### THE TASK
Scan the following data for lines with "form" and state how many there are, as a number only.

### PROVIDED RECORDS

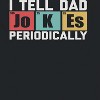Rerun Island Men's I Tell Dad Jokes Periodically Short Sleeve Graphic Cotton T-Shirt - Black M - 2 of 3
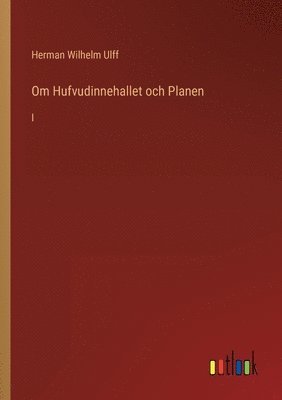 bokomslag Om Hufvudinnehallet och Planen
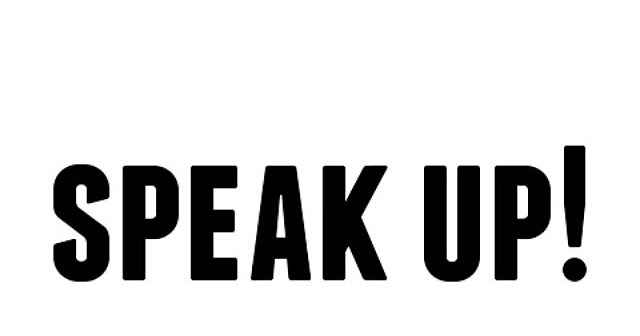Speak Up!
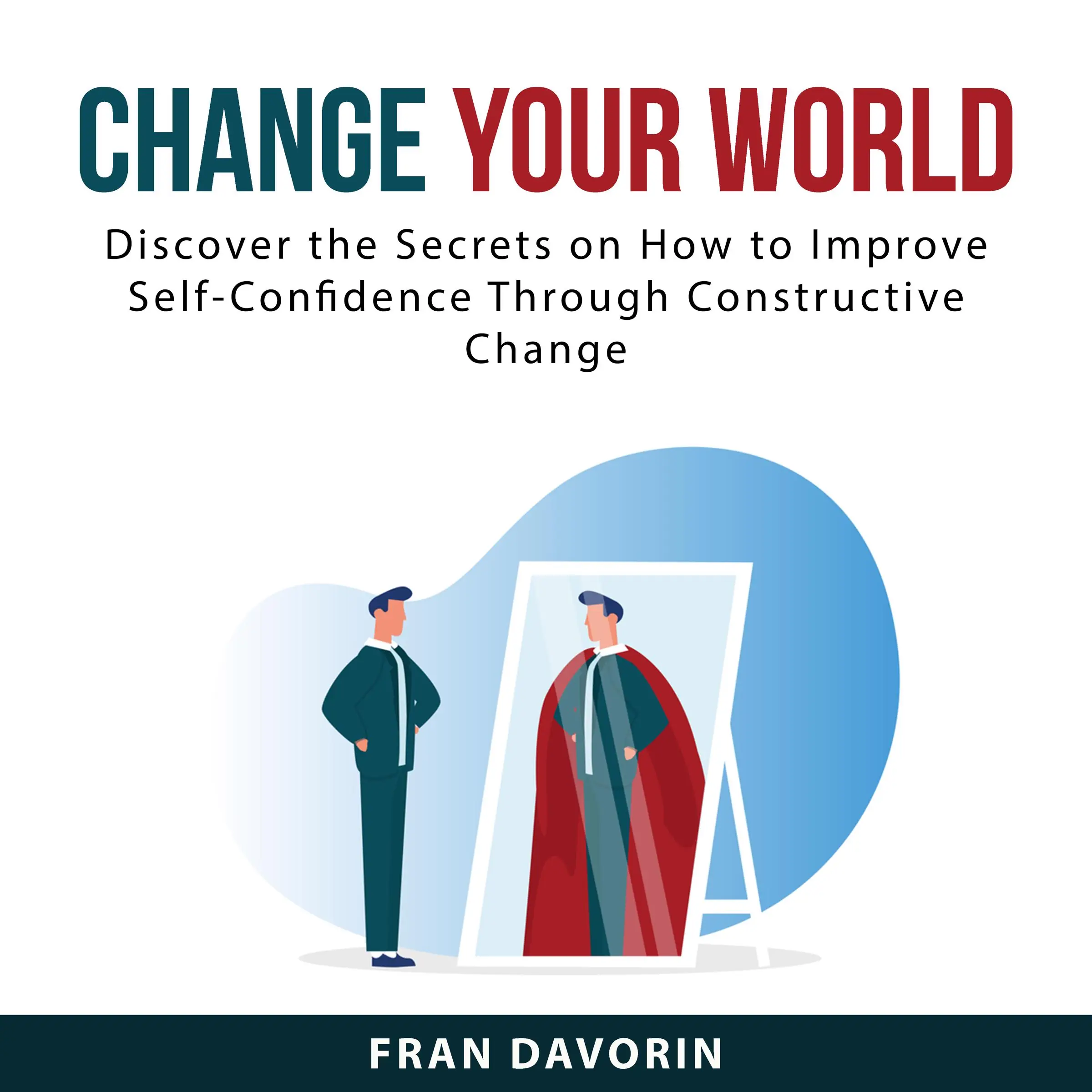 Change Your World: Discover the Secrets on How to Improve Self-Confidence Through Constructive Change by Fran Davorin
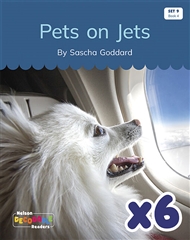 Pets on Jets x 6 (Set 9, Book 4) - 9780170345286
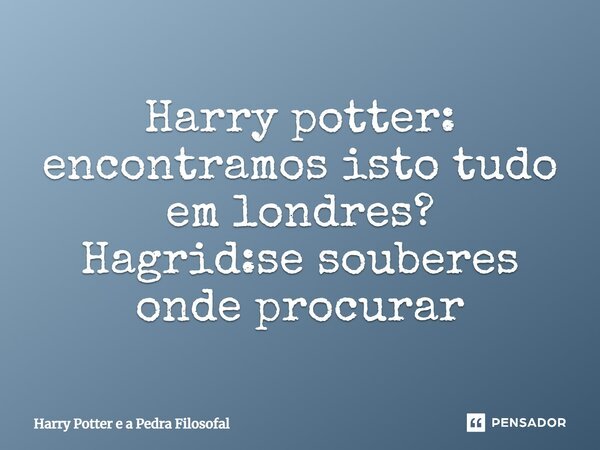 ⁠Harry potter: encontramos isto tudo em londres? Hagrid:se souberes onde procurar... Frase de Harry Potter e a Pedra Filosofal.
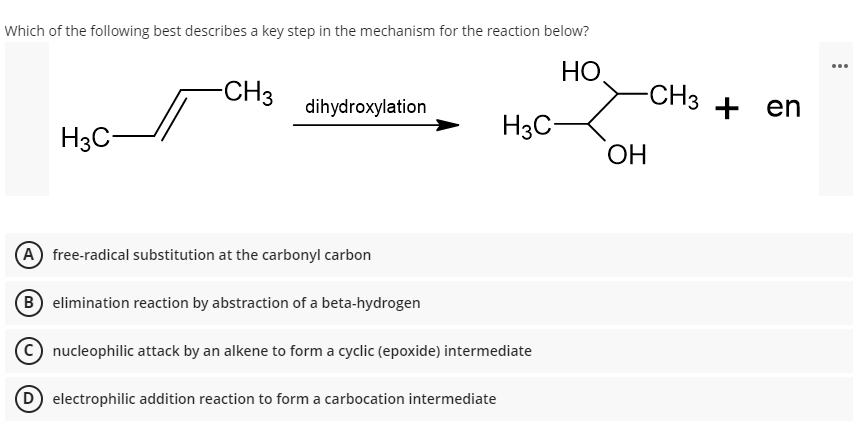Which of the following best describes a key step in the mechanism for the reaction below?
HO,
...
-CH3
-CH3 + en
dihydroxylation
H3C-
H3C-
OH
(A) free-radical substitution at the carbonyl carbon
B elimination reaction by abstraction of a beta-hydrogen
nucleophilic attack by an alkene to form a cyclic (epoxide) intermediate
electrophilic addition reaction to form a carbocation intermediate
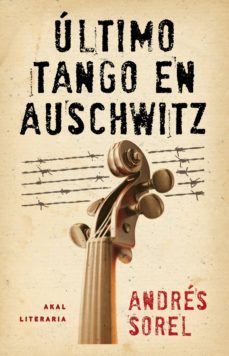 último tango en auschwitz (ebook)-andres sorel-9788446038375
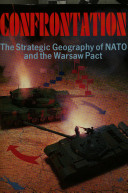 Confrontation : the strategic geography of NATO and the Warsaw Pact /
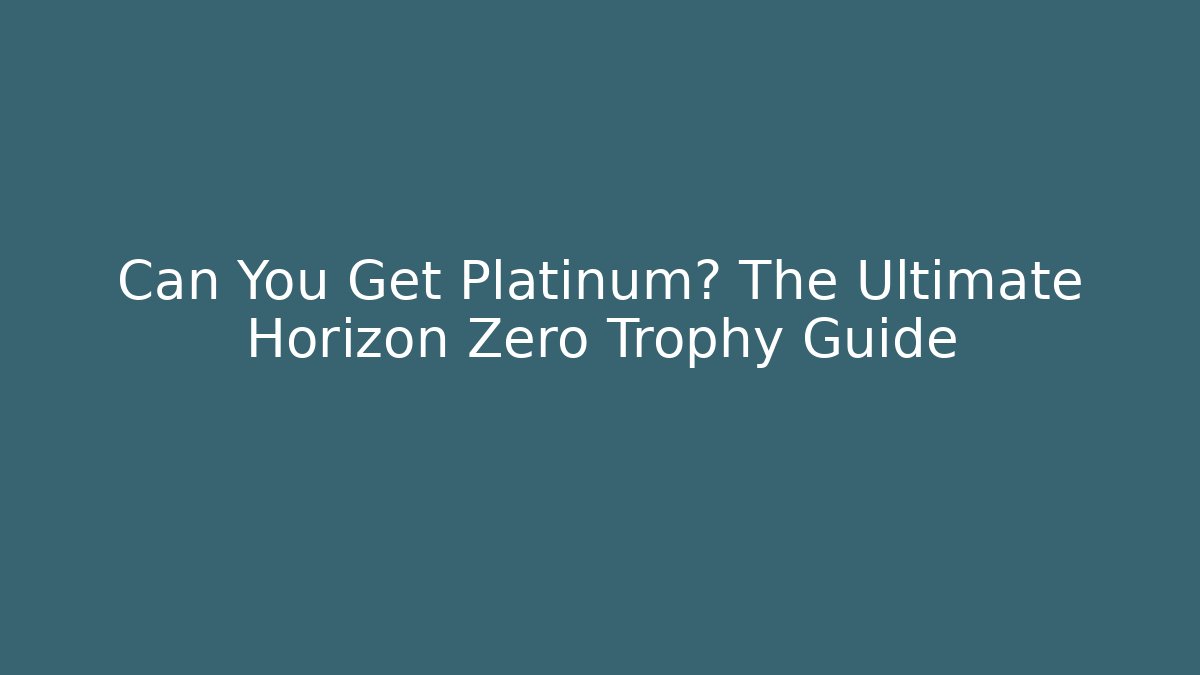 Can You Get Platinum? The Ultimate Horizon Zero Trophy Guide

### RESPONSE BELOW
2